But we did eat at this beautiful blue building, which had great soups and sandwiches and baked goods, and a gorgeous interior. I can’t remember what it was called.
Clearly in the 20th century Iceland had one architect, who was hired to design all of the churches in bigger towns, because this is by the same guy who designed the big church (and a pile of other buildings) in Reykjavik.
After lunch we got really excited because we saw this:
Our shadows!!!! SUN!!!!! Then I ran into my Icelandic sister.
We continued our drive toward the northern-most town in Iceland, Siglufjordur. The drive was – again – mind-blowingly beautiful.
We arrived in Siglufjordur and checked into probably our best accommodation so far, The Herring House, run by the ex-mayor of the town. We have a whole little house to ourselves, and the town is just spectacularly gorgeous. Here is the view from our bedroom window.
I wish we could stay here for longer. It’s a sleepy little town, and there aren’t a lot of tourists here (which is nice. Though I must say, even in the heavily touristed areas of Iceland, it is never a problem getting around, or getting parking, or getting a table – not once have we wound up behind a slow-moving tour bus or RV as happens in Canada all the time). We went for a short walk along the avalanche barriers above town last night (yes, you read that right). And that’s when I had my troll sighting. I took this photo of the town:
Then suddenly I saw a flash and caught this on camera.
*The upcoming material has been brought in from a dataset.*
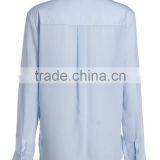 Ladies Mid Long Sleeve Blue Side Slit Cotton Button up Shirt With Pocket Design thumbnail-3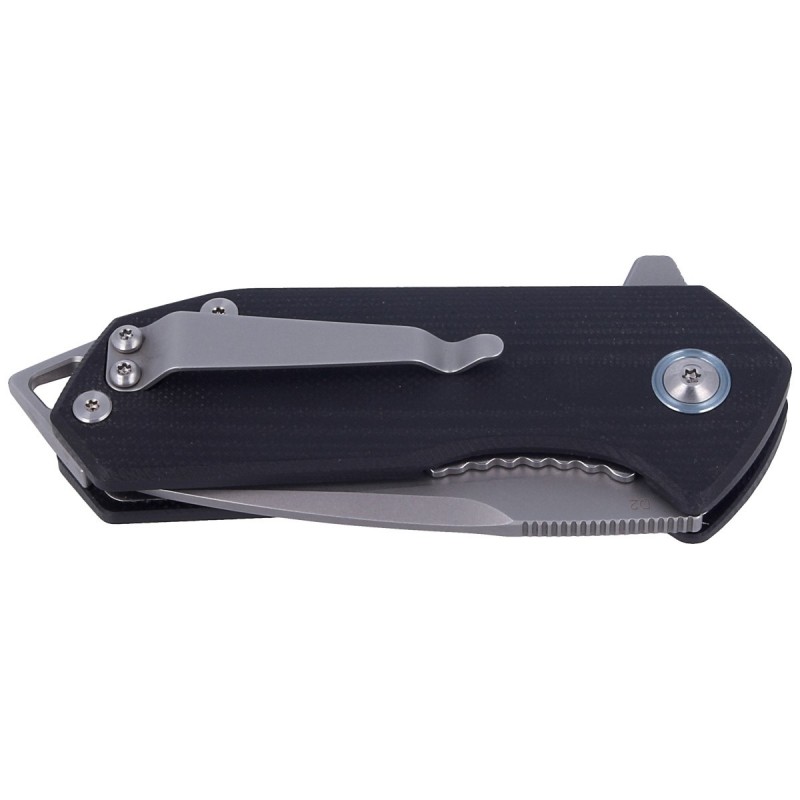 Nóż składany Kubey Campe KU203A Black G10, Sandblasted D2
In this case, FISH. Like the ones caught by the fishermen feet away from the restaurant, below.
I had the red fish, which I’ve finally decoded to be ocean perch in English. Oh god, it was delicious!
This morning, after a lovely breakfast with our hosts (in their other house) we went on our hardest yet most rewarding hike of the trip so far. We’d been told “there’s a path – sort of” up and into the valley between some of the mountains. So Husband, with his bloodhound sense of direction, took us up a very steep non-trail – really, NO TRAIL – into this valley. About 45 minutes straight uphill, grabbing onto lupin roots to pull myself up in spots. This is where we wound up, in this valley. But it wasn’t over yet.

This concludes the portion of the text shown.